Towards Turnkey Distributed Tracing

Antique hardware, pre-standardization: where we are with software instrumentation today.

OpenTracing is a new, open distributed tracing standard for applications and OSS packages. Developers with experience building microservices at scale understand the role and importance of distributed tracing: per-process logging and metric monitoring have their place, but neither can reconstruct the elaborate journeys that transactions take as they propagate across a distributed system. Distributed traces are these journeys.

It’s been decades since the first academic papers about distributed tracing were published. It’s been 12 years since Google started using Dapper internally. It’s been 6 years since the Dapper paper was put online. Zipkin was open-sourced over 4 years ago. This stuff is not new! Yet if you operate a complex services architecture, deploying a distributed tracing system requires person-years of engineer effort, monkey-patched communication packages, and countless inconsistencies across platforms.

If distributed tracing is so valuable, why doesn’t everyone do it already?

Because tracing instrumentation has been broken until now.

Distributed tracing is challenging because the instrumentation must propagate the tracing context both within and between processes. Accomplishing this touches almost every part of an application. In particular, tracing context must be passed through:

  • Self-contained OSS services (e.g., NGINX, Cassandra, Redis, etc)
  • OSS packages linked into custom services (e.g., grpc, ORMs, etc)
  • Arbitrary application glue and business logic built around the above

And there’s the rub: It is not reasonable to ask all OSS services and all OSS packages and all application-specific code to use a single tracing vendor; yet, if they don’t share a mechanism for trace description and propagation, the causal chain is broken and the traces are truncated, often severely. We need a single, standard mechanism to describe the behavior of our systems.

Enter OpenTracing

OpenTracing is that “single, standard mechanism.” OpenTracing allows developers of application code, OSS packages, and OSS services to instrument their own code without binding to any particular tracing vendor. Every component of a distributed system can be instrumented in isolation, and the distributed application maintainer can choose (or switch, or multiplex) a downstream tracing technologies with a configuration change.

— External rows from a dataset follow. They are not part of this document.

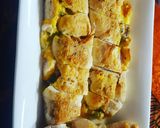 Foto del paso 2 de la receta: Cordón blue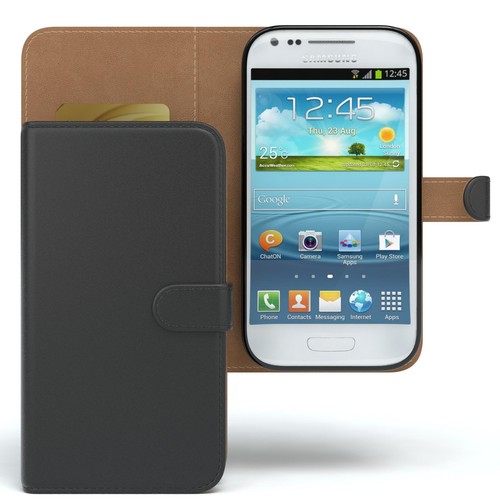 Custodia per samsung - galaxy, s3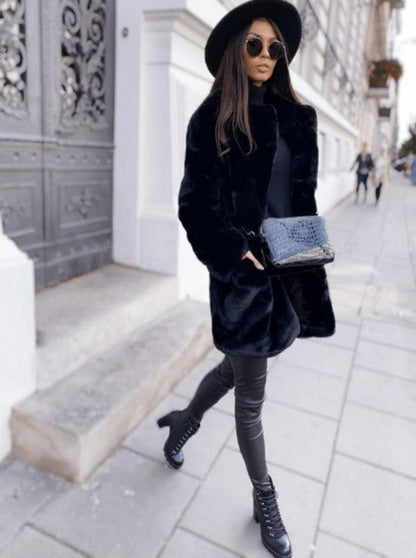 AMIRA JACKET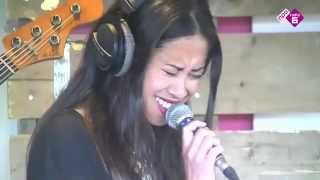 Rebekka Ling - 'One Mo'Gin' (D'Angelo cover) (Eerst Jaap Sessie) | NPO Soul en Jazz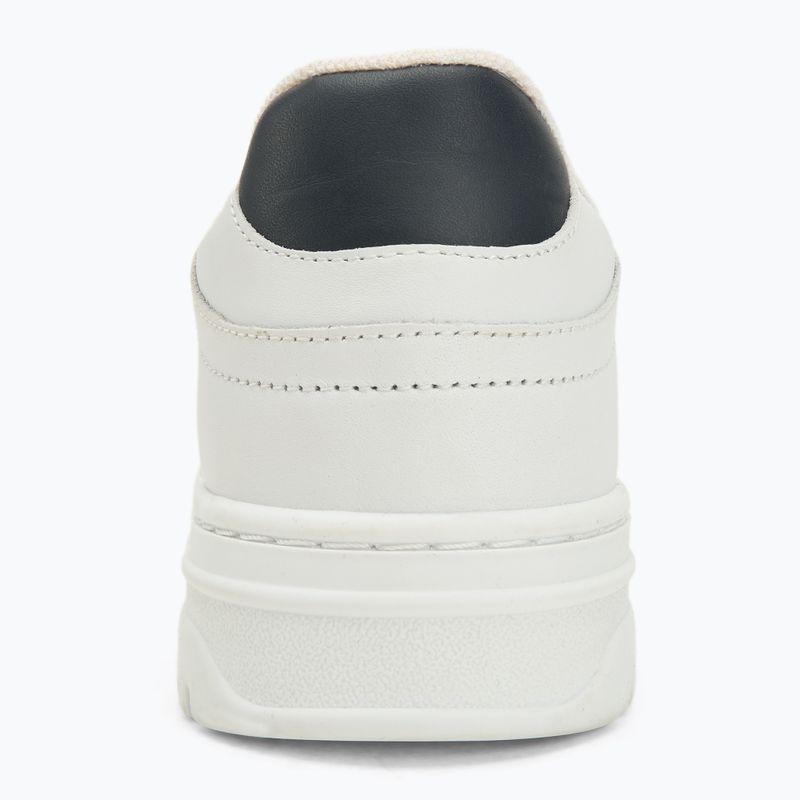 Dámske topánky Tommy Hilfiger Sporty Cupsole Corp white 6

So we know we need standardization: but standardization where? All of the following are possibilities:

  1. Standardized span management: programmatic APIs to start, finish, and decorate timed operations (“spans” in Dapper and Zipkin’s terminology)
  2. Standardized inter-process propagation: programmatic APIs to aid in the transfer of tracing context across process boundaries
  3. Standardized active span management: programmatic APIs to store and retrieve the active span across package boundaries in a single process
  4. Standardized in-band context encoding: specification of the precise wire-encoding format for tracing context passed alongside application data between processes
  5. Standardized out-of-band trace data encoding: specification of how decorated trace and span data is encoded as it heads towards the distributed tracing vendor

Previous efforts to standardize distributed tracing have focused on the encoding and representation of trace and context data, both in-band and out-of-band (numbers 4 and 5 above). Ironically, per the table below, standardization of encoding formats has few benefits for instrumentation API consistency, tracing vendor lock-in, or the tidiness of dependencies for OSS projects: the very things that stand in the way of turnkey tracing today.

What’s truly needed — and what OpenTracing provides — is standardization of span management APIs, inter-process propagation APIs, and ideally active span management APIs. The table below shows the five key benefits of standardization around distributed tracing, and the importance of each of the five kinds of standardization for each of those benefits.

OpenTracing picks its battles: by focusing on APIs rather than implementation encodings, it provides the standardization benefits that developers actually need.

OpenTracing gives us the standards we need to make accurate, turnkey distributed tracing a reality across modern software systems, including OSS packages and other third-party code. It does this while allowing OpenTracing implementations to take control over both in-band and out-of-band encoding formats; this in turn gives the application owner the flexibility to switch (or add) tracing vendors with an O(1) declarative configuration change.

The OpenTracing software architecture. Application code and OSS packages program against the abstract OpenTracing APIs, describing the path that requests take within each process as well as the propagation between processes. OpenTracing implementations control the buffering and encoding of trace span data, and they also control the semantics of process-to-process trace context information. As a result, application code can describe and propagate traces without making any assumptions about the OpenTracing implementation.

This summer we will be announcing integrations with important pieces of the application-level microservices stack. As OpenTracing proliferates into other popular packages and subsystems, we will be able to have our cake and eat it, too: high-quality distributed traces with little to no instrumentation effort by the application programmer.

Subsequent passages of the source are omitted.